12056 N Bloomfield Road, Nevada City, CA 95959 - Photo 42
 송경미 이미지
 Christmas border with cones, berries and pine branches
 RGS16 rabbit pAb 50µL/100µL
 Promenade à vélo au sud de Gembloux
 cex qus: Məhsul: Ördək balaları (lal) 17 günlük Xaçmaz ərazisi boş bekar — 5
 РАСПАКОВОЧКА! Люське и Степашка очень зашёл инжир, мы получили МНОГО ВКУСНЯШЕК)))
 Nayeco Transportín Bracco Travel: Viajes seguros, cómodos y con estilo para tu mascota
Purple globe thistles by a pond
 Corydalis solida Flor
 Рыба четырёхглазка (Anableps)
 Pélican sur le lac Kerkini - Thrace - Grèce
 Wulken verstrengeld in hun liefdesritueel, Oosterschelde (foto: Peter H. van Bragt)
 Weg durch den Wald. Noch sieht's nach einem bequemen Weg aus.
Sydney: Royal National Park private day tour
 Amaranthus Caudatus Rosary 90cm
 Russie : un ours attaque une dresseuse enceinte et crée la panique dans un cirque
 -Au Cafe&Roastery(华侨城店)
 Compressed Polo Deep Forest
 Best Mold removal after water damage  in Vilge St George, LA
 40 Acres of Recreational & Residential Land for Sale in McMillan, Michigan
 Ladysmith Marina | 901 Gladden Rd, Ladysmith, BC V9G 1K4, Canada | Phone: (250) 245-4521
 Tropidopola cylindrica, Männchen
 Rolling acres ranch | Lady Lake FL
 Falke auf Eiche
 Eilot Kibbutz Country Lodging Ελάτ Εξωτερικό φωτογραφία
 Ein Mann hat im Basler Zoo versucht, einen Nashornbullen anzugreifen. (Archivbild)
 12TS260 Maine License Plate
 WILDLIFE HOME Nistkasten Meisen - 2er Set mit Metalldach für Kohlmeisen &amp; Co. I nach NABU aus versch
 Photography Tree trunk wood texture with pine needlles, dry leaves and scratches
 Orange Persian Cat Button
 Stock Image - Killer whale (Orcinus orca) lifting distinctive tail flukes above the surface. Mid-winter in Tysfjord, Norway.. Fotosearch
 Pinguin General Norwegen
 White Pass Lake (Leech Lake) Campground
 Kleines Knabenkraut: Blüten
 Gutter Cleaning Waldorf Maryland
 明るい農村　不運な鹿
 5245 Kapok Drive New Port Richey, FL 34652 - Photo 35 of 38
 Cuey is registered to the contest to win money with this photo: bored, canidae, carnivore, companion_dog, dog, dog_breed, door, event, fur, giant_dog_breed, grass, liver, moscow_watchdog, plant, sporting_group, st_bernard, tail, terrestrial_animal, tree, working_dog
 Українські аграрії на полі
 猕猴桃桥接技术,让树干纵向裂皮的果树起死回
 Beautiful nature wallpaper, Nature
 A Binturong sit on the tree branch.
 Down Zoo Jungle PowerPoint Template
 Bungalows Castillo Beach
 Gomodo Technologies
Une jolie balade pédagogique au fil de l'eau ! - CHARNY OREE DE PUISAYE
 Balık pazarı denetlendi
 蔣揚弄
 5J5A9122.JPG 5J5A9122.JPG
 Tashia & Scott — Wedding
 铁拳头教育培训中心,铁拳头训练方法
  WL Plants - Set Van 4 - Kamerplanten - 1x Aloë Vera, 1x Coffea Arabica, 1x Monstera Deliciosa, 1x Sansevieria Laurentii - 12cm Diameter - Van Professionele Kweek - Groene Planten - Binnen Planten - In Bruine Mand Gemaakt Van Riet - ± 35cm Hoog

****************

◆ **Work task**
Taking the line with "Corydalis solida Flor" as the first and the line with "A Binturong sit on the tree branch." as the last, retype that stretch of the data above exactly, with no other lines.

◆ **Task response**
 Corydalis solida Flor
 Рыба четырёхглазка (Anableps)
 Pélican sur le lac Kerkini - Thrace - Grèce
 Wulken verstrengeld in hun liefdesritueel, Oosterschelde (foto: Peter H. van Bragt)
 Weg durch den Wald. Noch sieht's nach einem bequemen Weg aus.
Sydney: Royal National Park private day tour
 Amaranthus Caudatus Rosary 90cm
 Russie : un ours attaque une dresseuse enceinte et crée la panique dans un cirque
 -Au Cafe&Roastery(华侨城店)
 Compressed Polo Deep Forest
 Best Mold removal after water damage  in Vilge St George, LA
 40 Acres of Recreational & Residential Land for Sale in McMillan, Michigan
 Ladysmith Marina | 901 Gladden Rd, Ladysmith, BC V9G 1K4, Canada | Phone: (250) 245-4521
 Tropidopola cylindrica, Männchen
 Rolling acres ranch | Lady Lake FL
 Falke auf Eiche
 Eilot Kibbutz Country Lodging Ελάτ Εξωτερικό φωτογραφία
 Ein Mann hat im Basler Zoo versucht, einen Nashornbullen anzugreifen. (Archivbild)
 12TS260 Maine License Plate
 WILDLIFE HOME Nistkasten Meisen - 2er Set mit Metalldach für Kohlmeisen &amp; Co. I nach NABU aus versch
 Photography Tree trunk wood texture with pine needlles, dry leaves and scratches
 Orange Persian Cat Button
 Stock Image - Killer whale (Orcinus orca) lifting distinctive tail flukes above the surface. Mid-winter in Tysfjord, Norway.. Fotosearch
 Pinguin General Norwegen
 White Pass Lake (Leech Lake) Campground
 Kleines Knabenkraut: Blüten
 Gutter Cleaning Waldorf Maryland
 明るい農村　不運な鹿
 5245 Kapok Drive New Port Richey, FL 34652 - Photo 35 of 38
 Cuey is registered to the contest to win money with this photo: bored, canidae, carnivore, companion_dog, dog, dog_breed, door, event, fur, giant_dog_breed, grass, liver, moscow_watchdog, plant, sporting_group, st_bernard, tail, terrestrial_animal, tree, working_dog
 Українські аграрії на полі
 猕猴桃桥接技术,让树干纵向裂皮的果树起死回
 Beautiful nature wallpaper, Nature
 A Binturong sit on the tree branch.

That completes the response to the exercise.